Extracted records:
□ □ □

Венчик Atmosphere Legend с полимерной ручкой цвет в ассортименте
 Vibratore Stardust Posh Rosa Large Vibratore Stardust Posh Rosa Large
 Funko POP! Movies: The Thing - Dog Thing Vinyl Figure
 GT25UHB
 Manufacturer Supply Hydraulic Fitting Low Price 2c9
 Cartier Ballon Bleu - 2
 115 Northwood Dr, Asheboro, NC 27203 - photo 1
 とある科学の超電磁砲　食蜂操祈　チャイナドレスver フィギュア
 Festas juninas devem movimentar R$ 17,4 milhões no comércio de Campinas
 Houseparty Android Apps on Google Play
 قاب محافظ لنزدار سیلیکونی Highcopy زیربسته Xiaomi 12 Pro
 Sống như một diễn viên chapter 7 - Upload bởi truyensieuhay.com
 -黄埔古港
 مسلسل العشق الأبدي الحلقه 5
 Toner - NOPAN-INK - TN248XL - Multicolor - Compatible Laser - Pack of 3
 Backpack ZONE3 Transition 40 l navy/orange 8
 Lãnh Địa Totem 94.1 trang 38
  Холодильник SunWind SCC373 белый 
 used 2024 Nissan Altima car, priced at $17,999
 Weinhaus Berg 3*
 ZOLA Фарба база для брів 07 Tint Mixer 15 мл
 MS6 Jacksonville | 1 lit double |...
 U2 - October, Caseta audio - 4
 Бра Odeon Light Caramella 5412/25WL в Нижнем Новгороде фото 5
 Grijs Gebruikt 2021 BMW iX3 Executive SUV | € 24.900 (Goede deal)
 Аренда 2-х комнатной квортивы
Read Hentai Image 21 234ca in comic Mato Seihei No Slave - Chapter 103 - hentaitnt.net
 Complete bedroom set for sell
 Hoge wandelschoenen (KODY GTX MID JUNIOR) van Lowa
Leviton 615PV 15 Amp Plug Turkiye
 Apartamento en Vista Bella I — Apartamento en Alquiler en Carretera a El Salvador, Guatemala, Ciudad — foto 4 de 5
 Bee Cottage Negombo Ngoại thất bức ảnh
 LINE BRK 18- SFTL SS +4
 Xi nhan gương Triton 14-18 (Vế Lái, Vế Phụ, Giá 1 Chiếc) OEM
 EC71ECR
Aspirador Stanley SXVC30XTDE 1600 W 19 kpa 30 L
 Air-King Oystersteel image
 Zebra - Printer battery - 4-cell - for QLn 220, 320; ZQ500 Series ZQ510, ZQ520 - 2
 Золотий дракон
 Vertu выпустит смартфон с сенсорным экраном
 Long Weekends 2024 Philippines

□ □ □

TASK TO COMPLETE:
Where the line containing "Weinhaus Berg 3*" appears in the records above, begin there and print every line through the last, exactly and with nothing else.

WRITTEN SOLUTION:
 Weinhaus Berg 3*
 ZOLA Фарба база для брів 07 Tint Mixer 15 мл
 MS6 Jacksonville | 1 lit double |...
 U2 - October, Caseta audio - 4
 Бра Odeon Light Caramella 5412/25WL в Нижнем Новгороде фото 5
 Grijs Gebruikt 2021 BMW iX3 Executive SUV | € 24.900 (Goede deal)
 Аренда 2-х комнатной квортивы
Read Hentai Image 21 234ca in comic Mato Seihei No Slave - Chapter 103 - hentaitnt.net
 Complete bedroom set for sell
 Hoge wandelschoenen (KODY GTX MID JUNIOR) van Lowa
Leviton 615PV 15 Amp Plug Turkiye
 Apartamento en Vista Bella I — Apartamento en Alquiler en Carretera a El Salvador, Guatemala, Ciudad — foto 4 de 5
 Bee Cottage Negombo Ngoại thất bức ảnh
 LINE BRK 18- SFTL SS +4
 Xi nhan gương Triton 14-18 (Vế Lái, Vế Phụ, Giá 1 Chiếc) OEM
 EC71ECR
Aspirador Stanley SXVC30XTDE 1600 W 19 kpa 30 L
 Air-King Oystersteel image
 Zebra - Printer battery - 4-cell - for QLn 220, 320; ZQ500 Series ZQ510, ZQ520 - 2
 Золотий дракон
 Vertu выпустит смартфон с сенсорным экраном
 Long Weekends 2024 Philippines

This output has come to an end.